Pour ne pas entraver des opérations de restructuration économique, le gain réalisé lors de l’échange de titres (par exemple, en apportant des titres à une société pour obtenir, en échange, des titres de la société bénéficiaire de l’apport) peut n’être pas imposé immédiatement mais à la cession des titres obtenus en contrepartie de l’apport (le contribuable ne disposant pas de liquidités au moment de l’échange).

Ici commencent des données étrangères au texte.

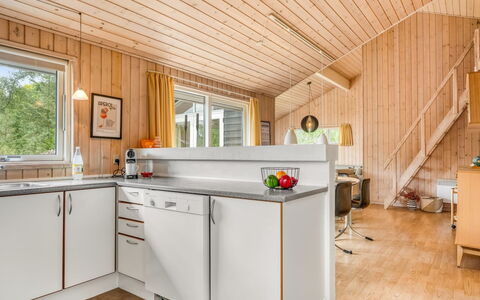 Alisa - 1.9Km from the Sea: Cuisine, Bois, Sol, Design Intérieur, Plafond, Comptoir, Sol, Appareil De Cuisine, Principaux Appliance, Meubles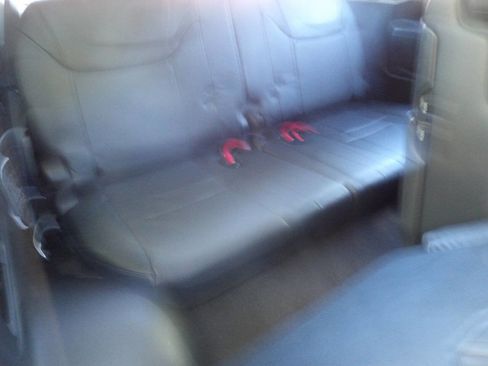 Used 2011 Lexus LX 570 Base AWD 4dr SUV image 28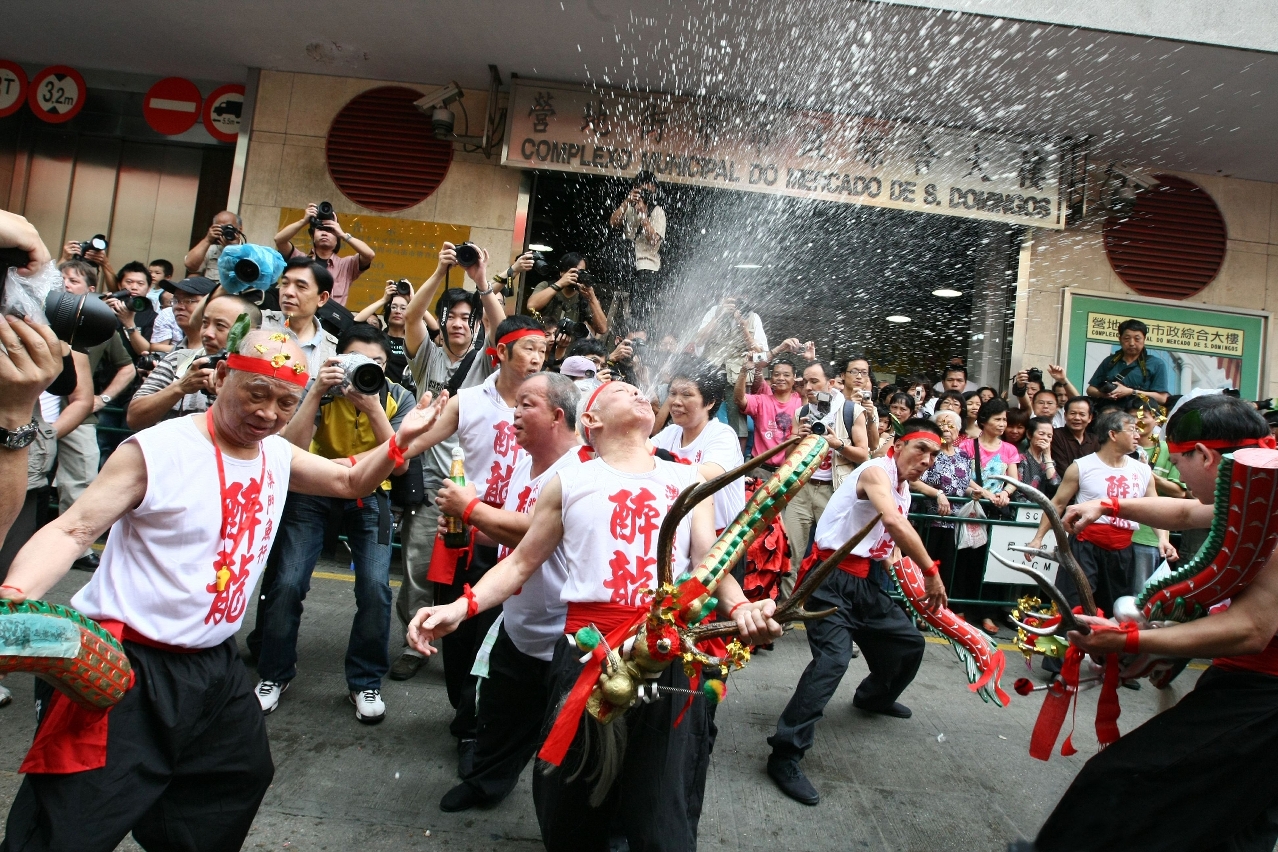 魚行醉龍節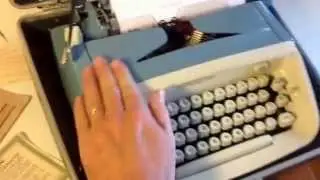 Royal Safari 1966 portable manual typewriter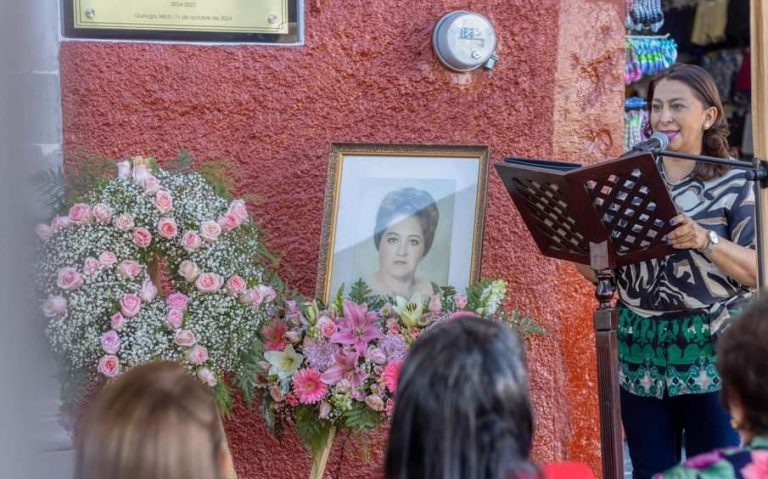 Rinden homenaje a María Villaseñor Romero de Fuentes, en Quiroga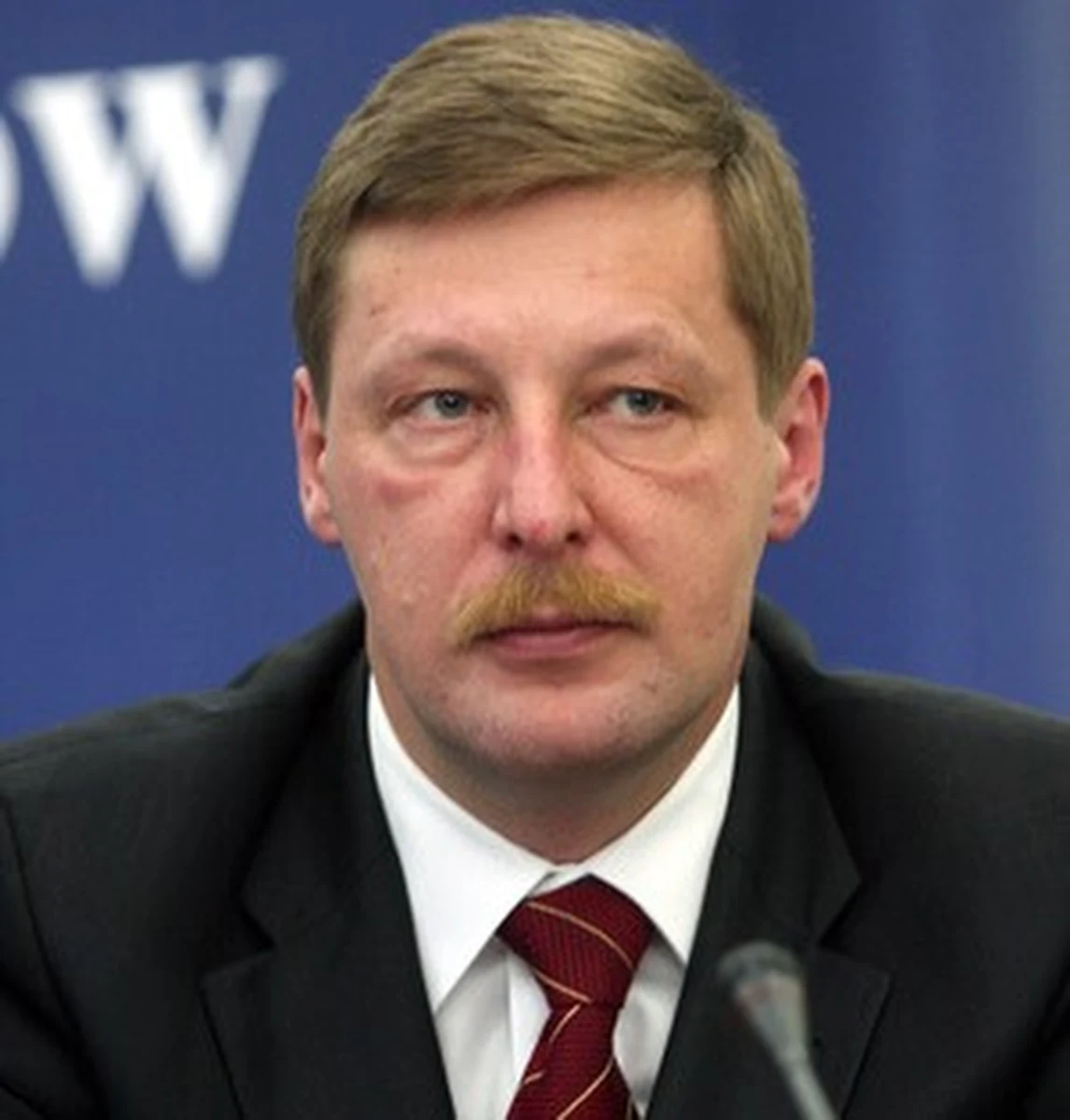 Prokuratura najprawdopodobniej umorzy śledztwo w sprawie próby skorumpowania wiceministra finansów Andrzeja Parafianowicza - ustalił reporter RMF FM Roman Osica. Do próby korupcji miało dojść 4 września ubiegłego roku, pod koniec Forum Ekonomicznego w Krynicy. 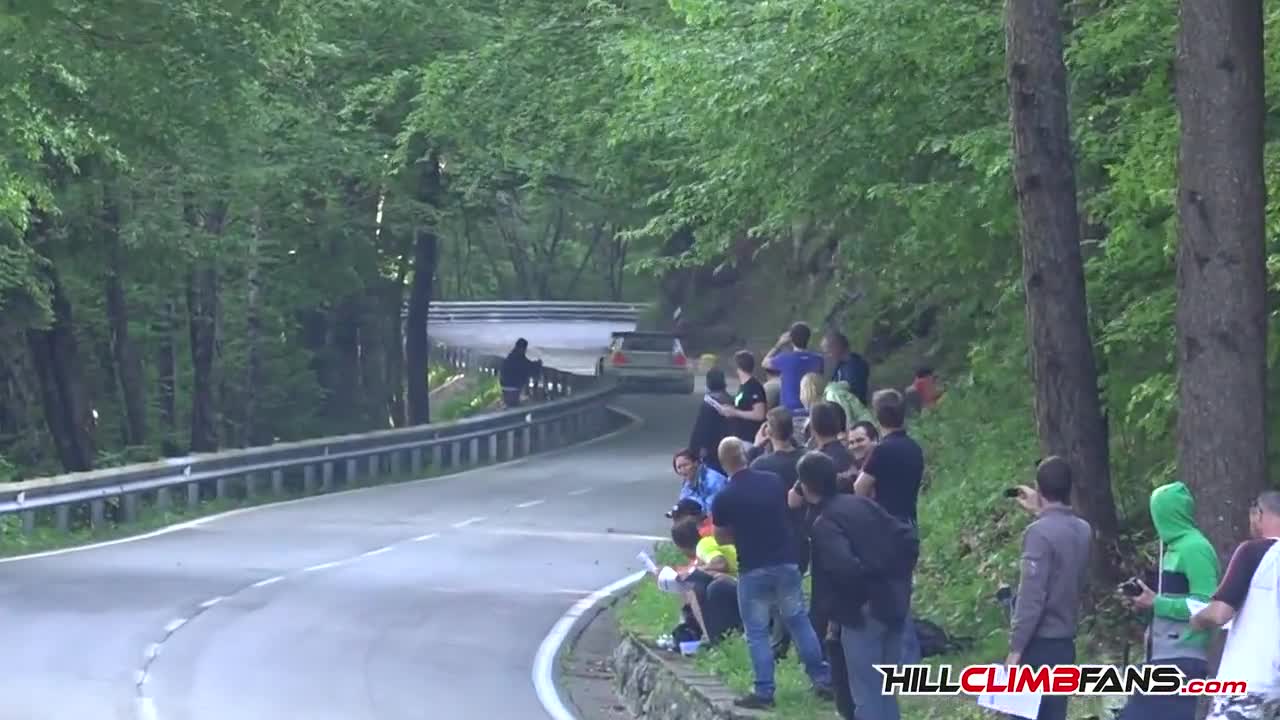 Един напълно "нормален" Volkwagen Golf 2 Rally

Ce mécanisme de sursis d’imposition fait l’objet d’un montage optimisant fréquemment utilisé en matière patrimoniale par l’apport à une société que le contribuable contrôle. Il s’agit d’apporter les titres à une société, de s’assurer que celle-ci cède ensuite ces titres en franchise d’imposition (la plus-value étant calculée par rapport à la valeur à laquelle les titres lui ont été apportées et étant donc nulle en cas de cession immédiate), puis de gérer les liquidités ainsi dégagées au sein de la société bénéficiaire de l’apport, en échappant à toute fiscalité personnelle, soit pour acquérir de nouveaux titres, soit pour bénéficier d’avantages liés à ces liquidités (prêts de la société, etc.).

Concrètement, plutôt que de céder directement les titres d’une société A en dégageant une plus-value immédiatement taxable, le contribuable apporte les titres de la société A à une société B qu’il contrôle : la plus-value constatée lors de l’apport est placée en sursis d’imposition et ne fait pas l’objet d’une déclaration. La société B cède ensuite à bref délai les titres de la société A, dégageant une plus-value nulle ou très faible au regard du prix d’apport : ainsi, le contribuable bénéficie indirectement des liquidités dégagées par la cession des titres de la société A, en étant lui-même peu ou très faiblement taxé.

Descriptif de la mesure

La mesure proposée consiste à imposer la plus-value si la société cède les titres dans les cinq ans suivant l’apport, sans réinvestir au moins 50% du produit de la cession dans une activité économique.

Cet article sera applicable aux apports réalisés à compter du conseil des ministres.

Exemple

Monsieur X souhaite vendre ses 100 000 actions de la société A achetées 10 euros l’unité et valant 50 euros pour acheter des actions de la société B. A et B sont des groupes cotés.

Pour ce faire, il les apporte pour une valeur de 5 000 000 euros – soit leur valeur vénale – à une société C, dont il détient les parts. En échange, il reçoit des actions de C d’une valeur  de 5 000 000 euros. La plus-value sur les actions de A (soit 4 000 000 euros) est placée en sursis, c’est à dire qu’elle ne sera due qu’en cas de vente des actions C, qui ne se produira pas dans ce cas d’abus.

Cette société C vend immédiatement les actions de la société A et consacre le produit à l’acquisition d’actions de la société B.

Tout se passe comme si Monsieur X avait échangé ses actions de la société A contre des actions de la société B, en franchise d’impôt et de prélèvements sociaux.

Au regard des règles actuelles de l’abus de droit, l’administration ne peut remettre en cause qu’avec difficulté le sursis d’imposition, qui a vocation à être définitif dans ce type de montage, bien que ’apport soit artificiel et inférieur à 24 heures.

Avec la mesure proposée, un tel schéma d’optimisation ne sera plus possible sans réinvestissement dans un délai de cinq ans d’au moins 50% du produit de la cession des titres concernés dans une activité économique. Après réforme, Monsieur X sera imposé au titre de la plus-value réalisée lors de l’apport-cession des actions soit sur une base de 4 000 000 euros.